BEGIN Material provided

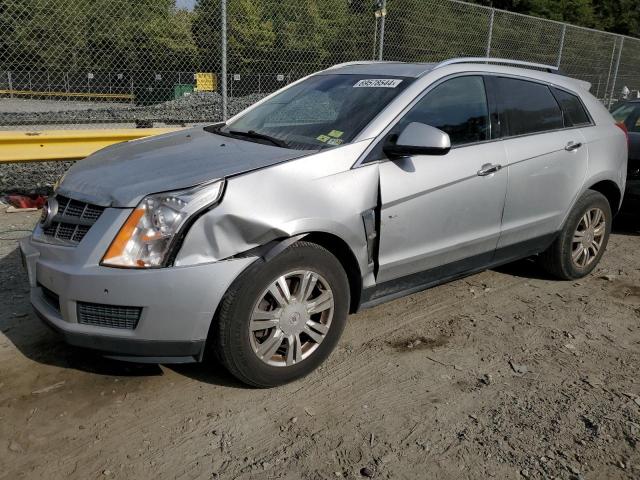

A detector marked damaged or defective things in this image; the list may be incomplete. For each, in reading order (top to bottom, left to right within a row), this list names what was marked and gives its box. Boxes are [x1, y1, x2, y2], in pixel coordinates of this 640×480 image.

dented front quarter panel [174, 139, 380, 288]
exposed wheel well [592, 181, 620, 215]
exposed wheel well [304, 232, 362, 314]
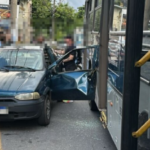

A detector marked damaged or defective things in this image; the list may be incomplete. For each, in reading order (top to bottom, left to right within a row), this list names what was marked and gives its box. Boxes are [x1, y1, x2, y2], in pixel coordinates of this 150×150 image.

crumpled door panel [50, 70, 96, 101]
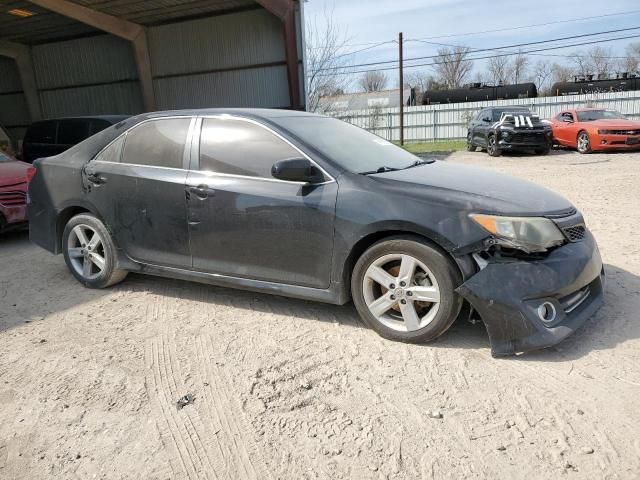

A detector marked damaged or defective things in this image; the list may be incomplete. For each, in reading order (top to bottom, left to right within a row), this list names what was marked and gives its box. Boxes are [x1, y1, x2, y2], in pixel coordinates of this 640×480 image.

damaged front bumper [458, 232, 604, 356]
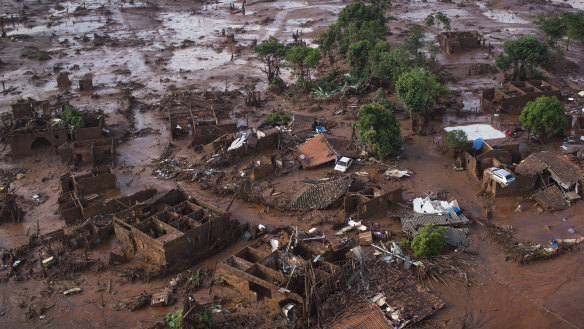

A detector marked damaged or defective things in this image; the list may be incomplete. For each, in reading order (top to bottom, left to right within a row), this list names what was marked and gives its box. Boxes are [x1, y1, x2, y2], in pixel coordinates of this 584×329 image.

damaged roof [298, 133, 336, 168]
damaged roof [516, 151, 580, 187]
damaged roof [532, 184, 572, 210]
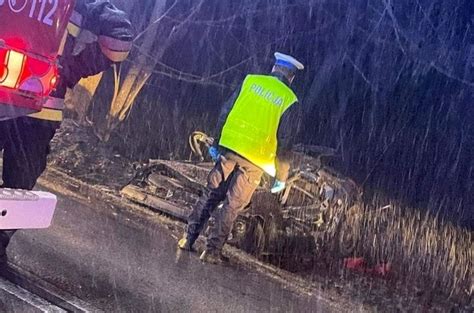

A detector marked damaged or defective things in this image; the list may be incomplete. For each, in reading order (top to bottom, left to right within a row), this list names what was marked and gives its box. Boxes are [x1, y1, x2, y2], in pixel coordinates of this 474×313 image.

crushed vehicle [122, 132, 362, 260]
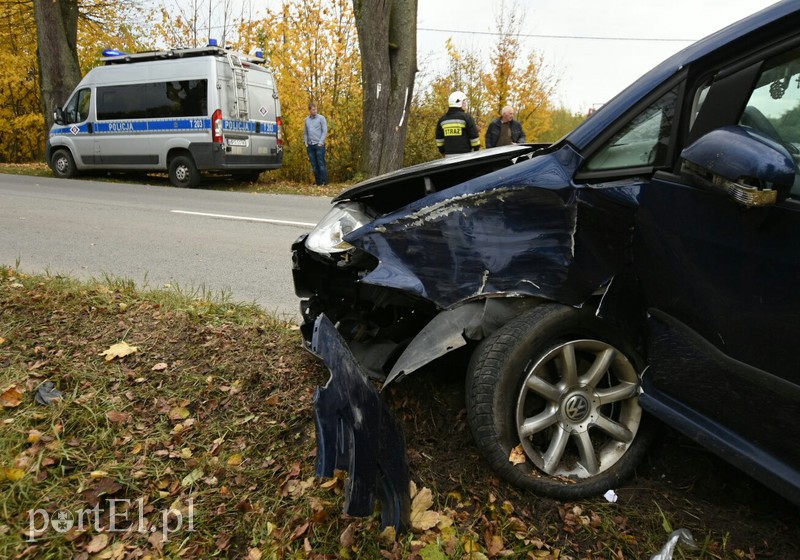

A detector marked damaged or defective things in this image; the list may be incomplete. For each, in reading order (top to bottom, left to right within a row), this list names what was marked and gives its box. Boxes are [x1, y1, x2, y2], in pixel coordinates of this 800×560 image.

broken headlight [304, 201, 376, 258]
damaged blue car [292, 0, 800, 516]
crumpled front bumper [310, 312, 410, 532]
detached bumper piece [310, 312, 412, 532]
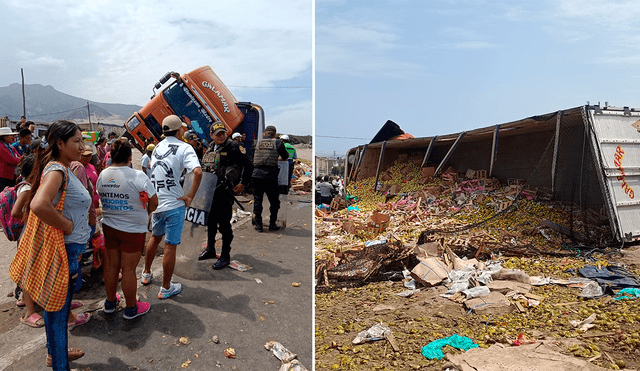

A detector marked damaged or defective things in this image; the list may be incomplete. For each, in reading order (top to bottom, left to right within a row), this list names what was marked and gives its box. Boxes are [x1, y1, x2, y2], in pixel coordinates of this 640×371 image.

overturned truck [344, 104, 640, 244]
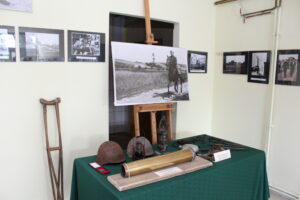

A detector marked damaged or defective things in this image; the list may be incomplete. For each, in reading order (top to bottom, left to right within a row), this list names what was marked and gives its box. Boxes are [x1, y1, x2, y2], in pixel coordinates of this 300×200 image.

rusty artifact [40, 98, 63, 200]
rusty artifact [96, 140, 124, 165]
rusty artifact [127, 136, 154, 161]
rusty artifact [122, 149, 195, 177]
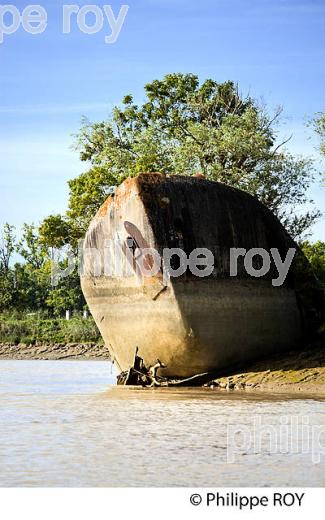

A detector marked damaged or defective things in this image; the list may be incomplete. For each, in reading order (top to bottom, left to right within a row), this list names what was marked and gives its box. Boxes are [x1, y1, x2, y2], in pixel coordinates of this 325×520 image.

rusted ship hull [80, 174, 322, 378]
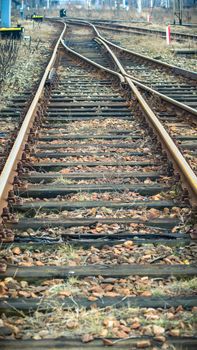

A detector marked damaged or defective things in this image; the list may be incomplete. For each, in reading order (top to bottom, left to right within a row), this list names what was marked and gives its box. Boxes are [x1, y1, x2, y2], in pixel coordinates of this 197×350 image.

rusty rail [0, 23, 66, 223]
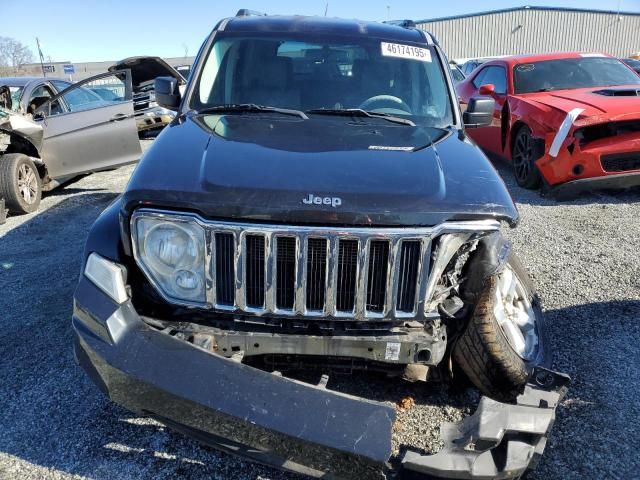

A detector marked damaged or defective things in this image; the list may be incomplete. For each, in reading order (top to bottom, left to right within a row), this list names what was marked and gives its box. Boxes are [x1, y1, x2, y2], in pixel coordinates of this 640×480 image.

exposed front tire [0, 154, 42, 214]
exposed front tire [512, 125, 544, 189]
broken headlight [131, 213, 206, 306]
dented bumper [72, 276, 568, 478]
detached bumper piece [402, 368, 572, 476]
exposed front tire [456, 255, 552, 402]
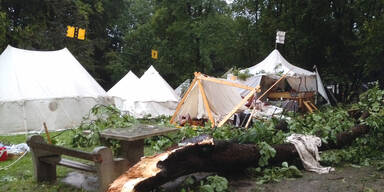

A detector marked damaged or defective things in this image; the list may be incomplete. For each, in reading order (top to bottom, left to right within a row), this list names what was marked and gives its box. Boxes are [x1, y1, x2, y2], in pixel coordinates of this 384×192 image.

damaged tent frame [171, 73, 260, 128]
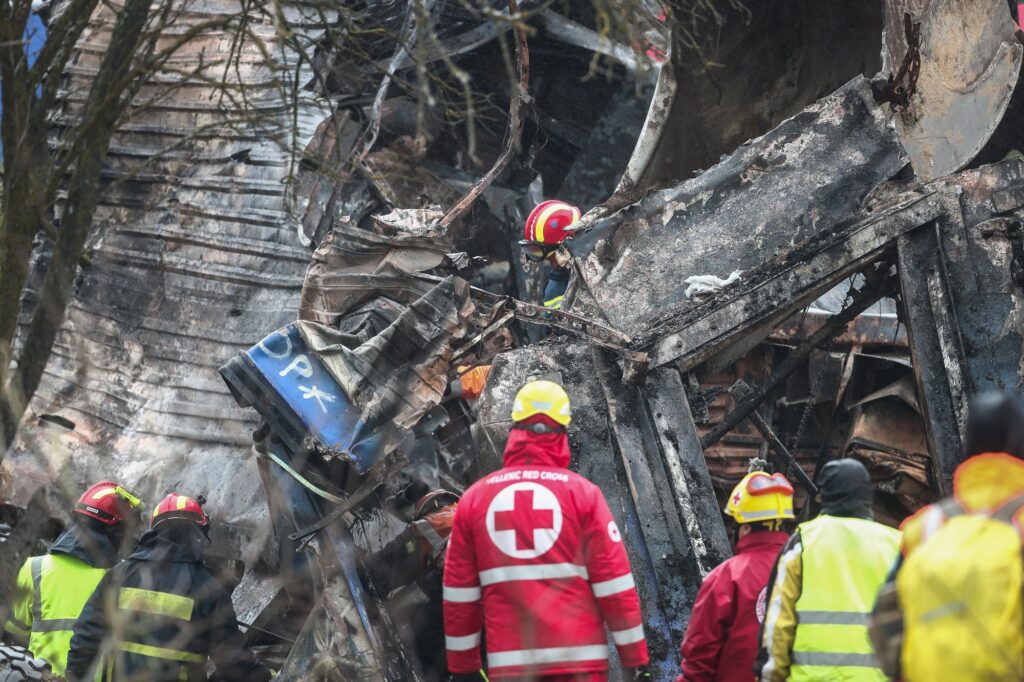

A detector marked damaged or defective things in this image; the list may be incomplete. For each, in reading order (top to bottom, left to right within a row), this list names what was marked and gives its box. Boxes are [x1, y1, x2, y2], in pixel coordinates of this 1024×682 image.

crumpled sheet metal [573, 76, 909, 339]
crumpled sheet metal [884, 0, 1019, 180]
crumpled sheet metal [477, 339, 729, 675]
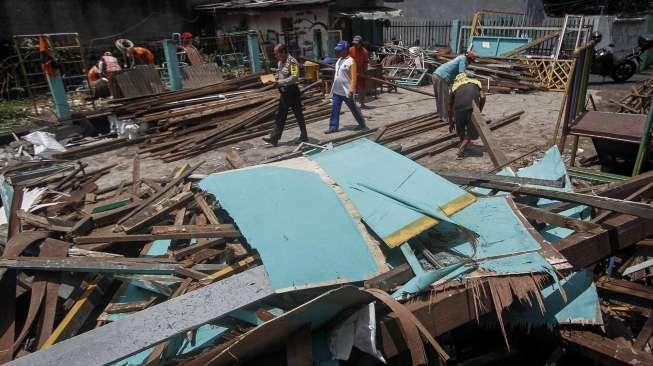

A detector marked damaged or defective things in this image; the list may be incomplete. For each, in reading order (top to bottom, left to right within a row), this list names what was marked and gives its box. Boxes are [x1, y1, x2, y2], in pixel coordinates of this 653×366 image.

broken plywood sheet [201, 167, 380, 292]
broken plywood sheet [310, 139, 474, 249]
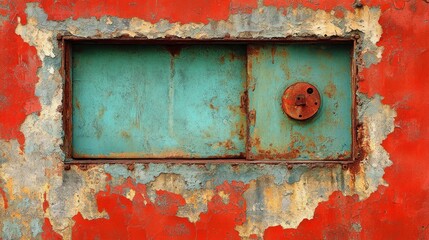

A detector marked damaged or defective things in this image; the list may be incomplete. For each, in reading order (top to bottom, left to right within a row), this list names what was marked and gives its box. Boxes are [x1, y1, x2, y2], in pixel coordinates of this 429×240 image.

rusty metal panel [70, 44, 244, 158]
rusty metal panel [247, 44, 352, 160]
rusted bolt [280, 82, 320, 120]
peeling red paint [72, 179, 249, 239]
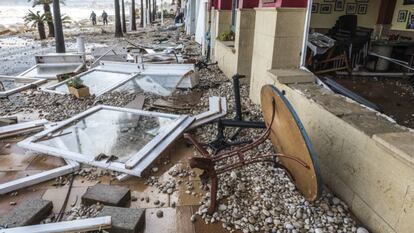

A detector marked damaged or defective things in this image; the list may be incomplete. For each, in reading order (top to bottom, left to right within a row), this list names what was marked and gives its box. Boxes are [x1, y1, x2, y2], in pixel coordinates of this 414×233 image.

broken door frame [0, 76, 47, 97]
broken door frame [42, 68, 141, 97]
broken glass pane [52, 69, 132, 95]
broken glass pane [115, 74, 183, 96]
broken door frame [17, 104, 194, 176]
shattered glass [36, 108, 176, 161]
broken glass pane [36, 109, 176, 162]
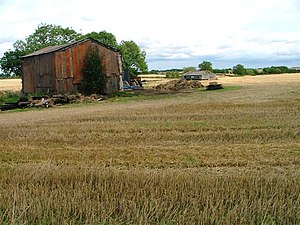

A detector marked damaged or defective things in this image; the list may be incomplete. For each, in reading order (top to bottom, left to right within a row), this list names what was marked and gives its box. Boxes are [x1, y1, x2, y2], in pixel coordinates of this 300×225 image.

rusty metal barn [21, 38, 122, 94]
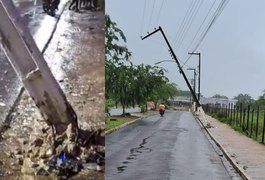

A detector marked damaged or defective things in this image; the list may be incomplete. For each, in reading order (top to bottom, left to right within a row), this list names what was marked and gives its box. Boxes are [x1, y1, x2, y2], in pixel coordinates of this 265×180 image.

bent metal pole [0, 0, 78, 134]
broken pole fragment [0, 0, 78, 134]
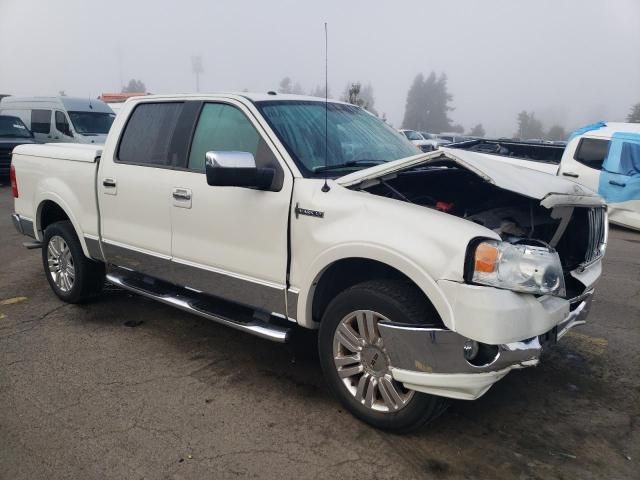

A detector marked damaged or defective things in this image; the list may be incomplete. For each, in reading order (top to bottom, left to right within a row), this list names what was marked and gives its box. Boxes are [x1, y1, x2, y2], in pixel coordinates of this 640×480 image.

damaged front end [338, 152, 608, 400]
crumpled bumper [378, 288, 592, 402]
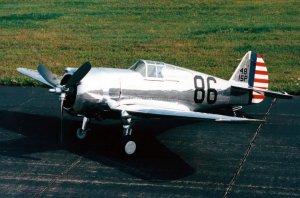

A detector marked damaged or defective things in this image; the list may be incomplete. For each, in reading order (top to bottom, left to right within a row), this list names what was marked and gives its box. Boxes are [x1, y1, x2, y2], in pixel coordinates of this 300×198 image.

pavement crack [224, 98, 278, 197]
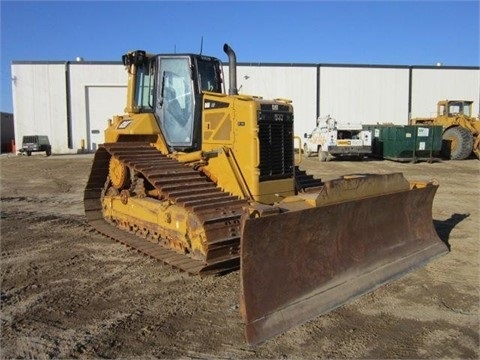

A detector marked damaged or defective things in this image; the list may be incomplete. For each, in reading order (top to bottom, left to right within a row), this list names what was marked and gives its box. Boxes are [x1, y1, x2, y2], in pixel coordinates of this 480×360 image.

rusty blade surface [242, 184, 448, 344]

END Material provided

Beginning at the line that contains "this 300×198 image." and ending at the last line of the data, return each line exactly; no picture belongs in the copy.

Expected answer:
A detector marked damaged or defective things in this image; the list may be incomplete. For each, in reading order (top to bottom, left to right within a row), this list names what was marked and gives its box. Boxes are [x1, y1, x2, y2], in pixel coordinates of this 300×198 image.

pavement crack [224, 98, 278, 197]

A detector marked damaged or defective things in this image; the list may be incomplete. For each, in reading order (top to bottom, left to right within a row), this list names what was marked and gives its box. Boxes are [x1, y1, x2, y2], in pixel coordinates of this 480×360 image.

rusty blade surface [242, 184, 448, 344]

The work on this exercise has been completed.